> [Exercise]
Reproduce nothing beyond the line containing "Fiber optic technician". From the first line of the data below down to it, copy each line exactly, without the pictures.

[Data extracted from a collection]
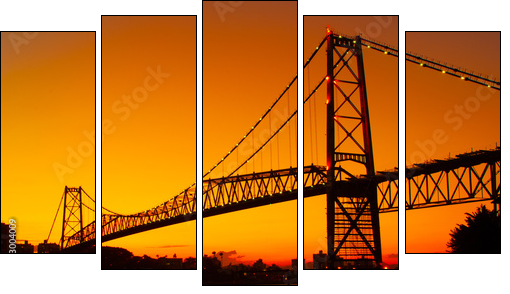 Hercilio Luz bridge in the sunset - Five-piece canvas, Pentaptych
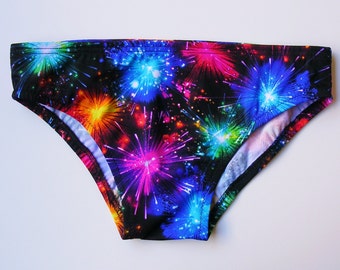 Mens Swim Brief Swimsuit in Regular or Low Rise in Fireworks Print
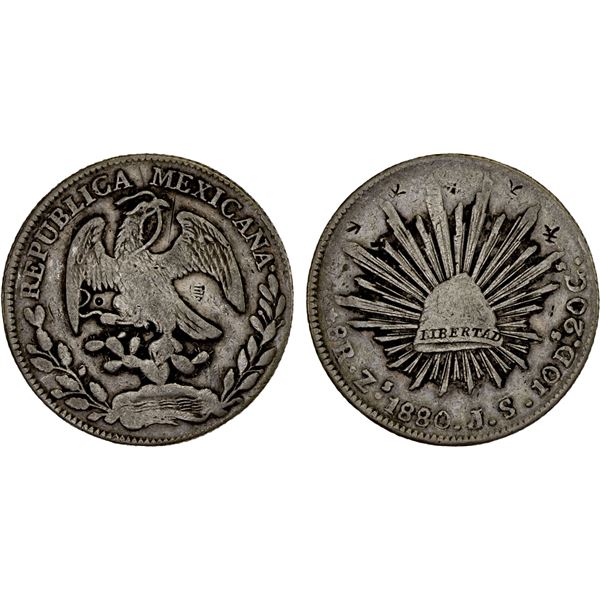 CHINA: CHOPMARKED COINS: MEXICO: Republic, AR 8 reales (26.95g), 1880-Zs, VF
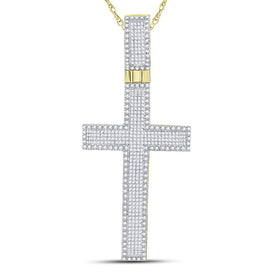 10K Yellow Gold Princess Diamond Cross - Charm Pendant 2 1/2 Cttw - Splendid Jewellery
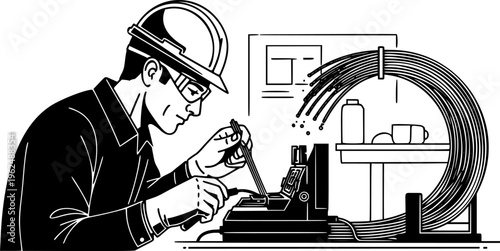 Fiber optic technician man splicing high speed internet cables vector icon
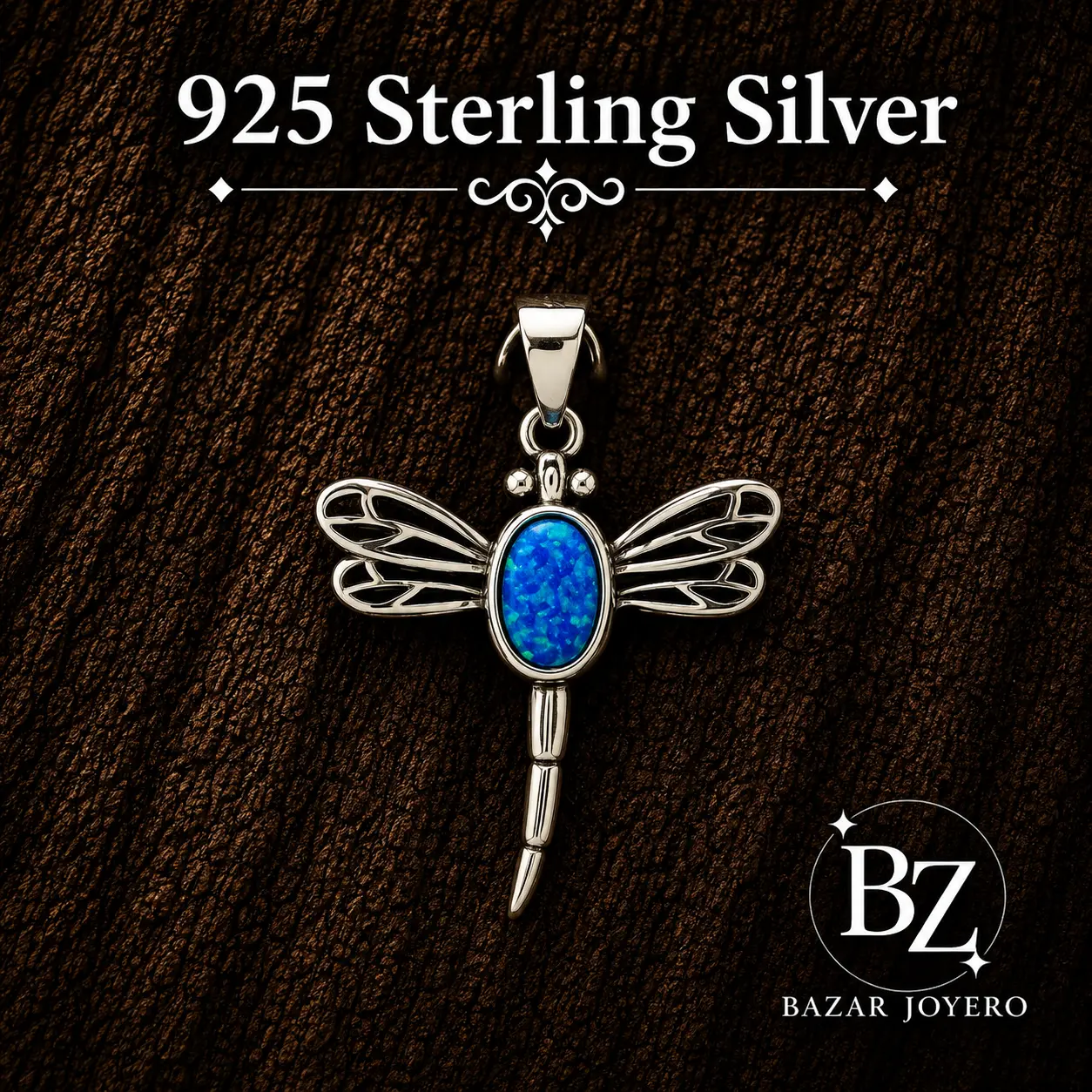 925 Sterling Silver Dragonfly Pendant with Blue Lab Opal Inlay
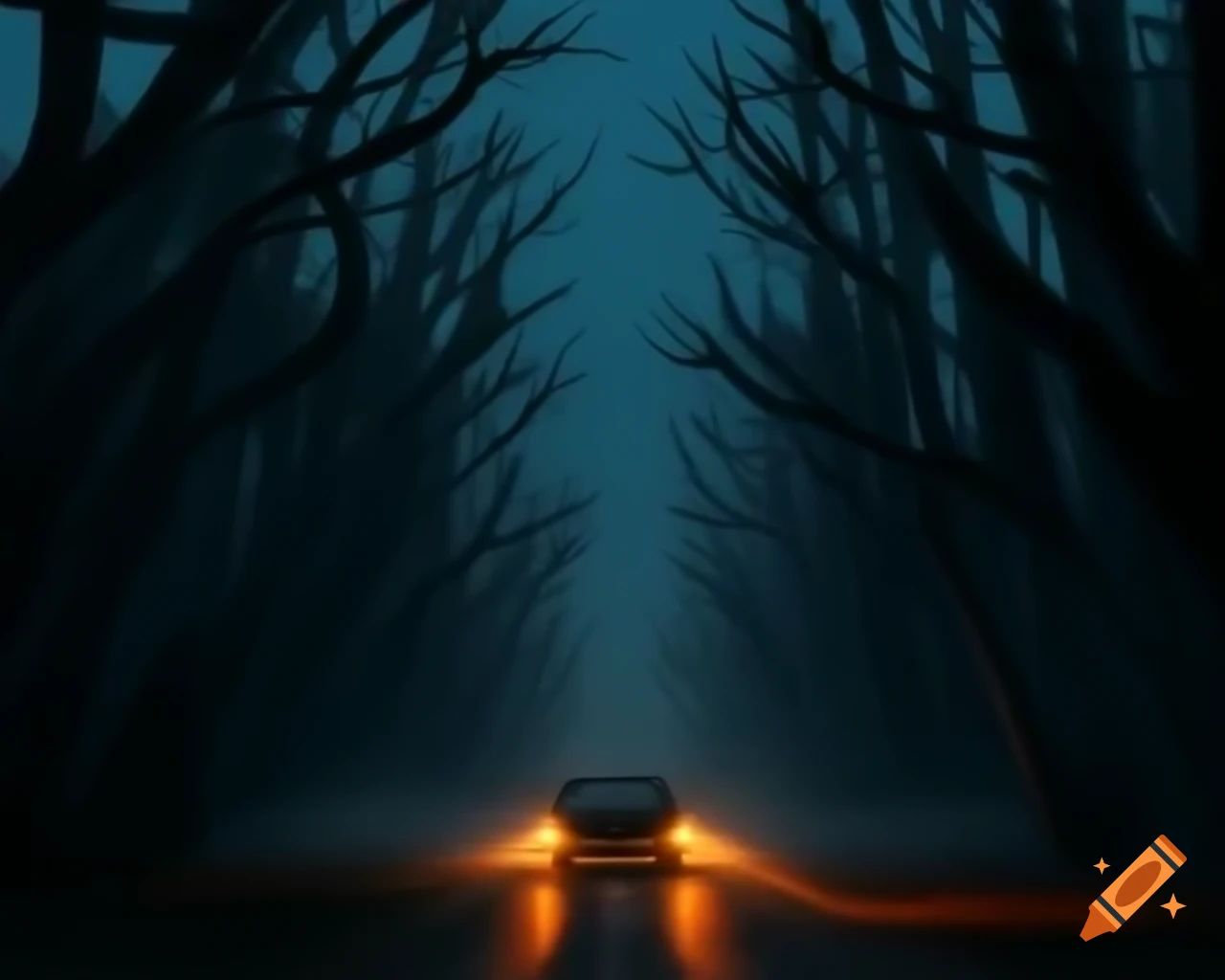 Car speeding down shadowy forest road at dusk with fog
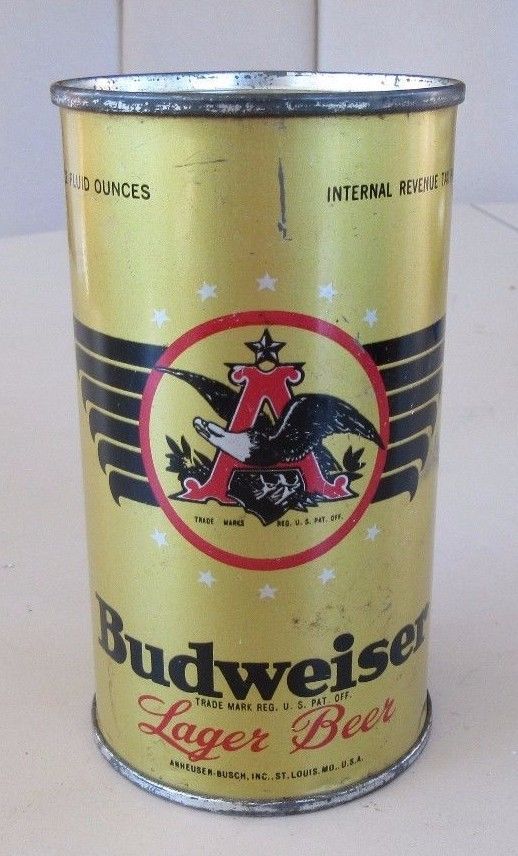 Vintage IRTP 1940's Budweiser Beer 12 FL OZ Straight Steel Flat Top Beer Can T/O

> [Written response]
 Hercilio Luz bridge in the sunset - Five-piece canvas, Pentaptych
 Mens Swim Brief Swimsuit in Regular or Low Rise in Fireworks Print
 CHINA: CHOPMARKED COINS: MEXICO: Republic, AR 8 reales (26.95g), 1880-Zs, VF
 10K Yellow Gold Princess Diamond Cross - Charm Pendant 2 1/2 Cttw - Splendid Jewellery
 Fiber optic technician man splicing high speed internet cables vector icon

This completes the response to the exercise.